BEGIN

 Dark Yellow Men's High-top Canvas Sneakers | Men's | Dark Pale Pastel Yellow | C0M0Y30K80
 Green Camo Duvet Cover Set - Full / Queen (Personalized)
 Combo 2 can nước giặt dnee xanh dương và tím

END
BEGIN

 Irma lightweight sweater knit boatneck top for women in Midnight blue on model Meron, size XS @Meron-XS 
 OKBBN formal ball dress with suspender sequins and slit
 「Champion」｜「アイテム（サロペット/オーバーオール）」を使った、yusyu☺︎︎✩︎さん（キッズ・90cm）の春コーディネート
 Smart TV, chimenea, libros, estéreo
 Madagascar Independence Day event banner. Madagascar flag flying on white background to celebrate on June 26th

END

Task to carry out
Of the lines above, extract only those from the line with "Smart TV, chimenea, libros, estéreo" to the line with "Madagascar Independence Day", both included, exactly as written.

Written solution
 Smart TV, chimenea, libros, estéreo
 Madagascar Independence Day event banner. Madagascar flag flying on white background to celebrate on June 26th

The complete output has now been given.